Droplet-based liquid transfer is known e.g. from US 2004/0058452 A1, WO 95/17965 A1, WO 03/004275 A1, DE 10017791 A1, or U.S. Pat. No. 5,204,268 A.
It is an object of the invention to provide an improved droplet-based liquid transfer in particular for supplying a fluid to a microfluidic device. The object is solved by the independent claim(s). Further embodiments are shown by the dependent claim(s).
A fluid supply unit according to embodiments of the present invention comprises a fluid dispenser with an orifice adapted for dispensing a fluid, and a microfluidic device having an inlet port located at one of the faces of the microfluidic device. The fluid supply unit is adapted for establishing a fluidic contact between a droplet formed at the fluid dispenser's orifice and an inlet port of a microfluidic device. The fluid supply unit is further adapted for electrophoretically moving charged compounds from the droplet towards the inlet port.
According to embodiments of the present invention, a droplet of fluid is formed at the fluid dispenser's orifice, and when the droplet gets in touch with the inlet port of a microfluidic device, fluidic contact between the droplet and the inlet port is established.

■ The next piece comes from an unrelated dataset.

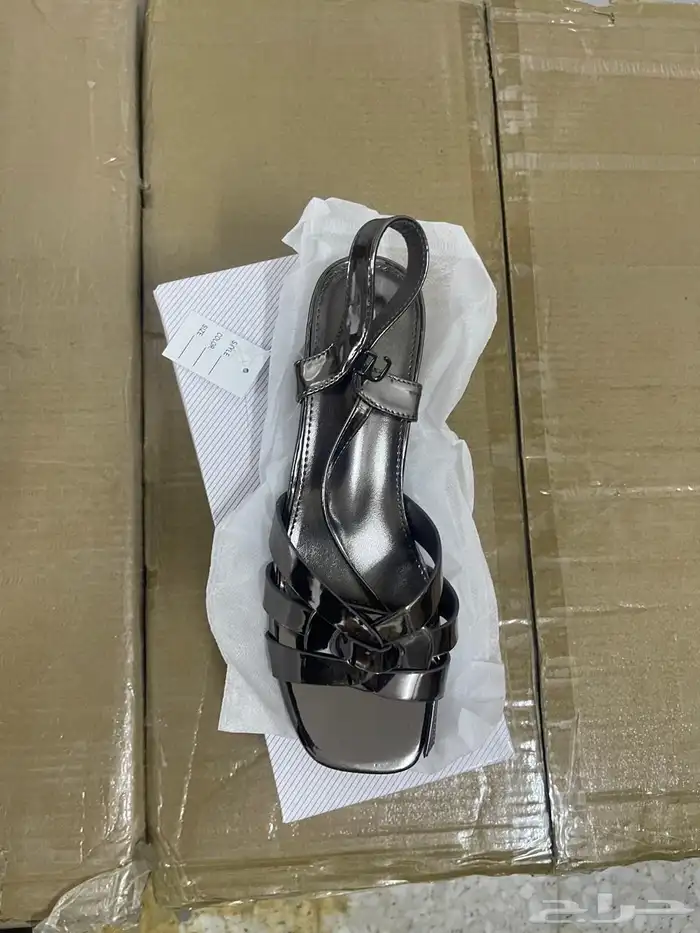 جزم نسائي فاخره جملة 74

By making the droplet adhere to the inlet port, fluids like e.g. solvents, fluid samples, and buffer solutions can be supplied to the inlet port.
In prior art solutions, the microfluidic device comprised a number of wells, with a fluids being supplied to a respective one of these wells. In order to avoid carry over, the number of fluids to be processed has often been limited by the number of wells.
According to embodiments of the present invention, droplet-based fluidic coupling is used for supplying fluids to a microfluidic device. Here, carry over is not a problem, because both the fluid dispenser and the surface area around the inlet port can easily be rinsed, in order to remove traces of fluids that have been supplied earlier. Using droplet-based fluidic coupling, the amount of dead volume in the fluid supply flow path is significantly reduced. As a consequence, carry over is no longer a problem.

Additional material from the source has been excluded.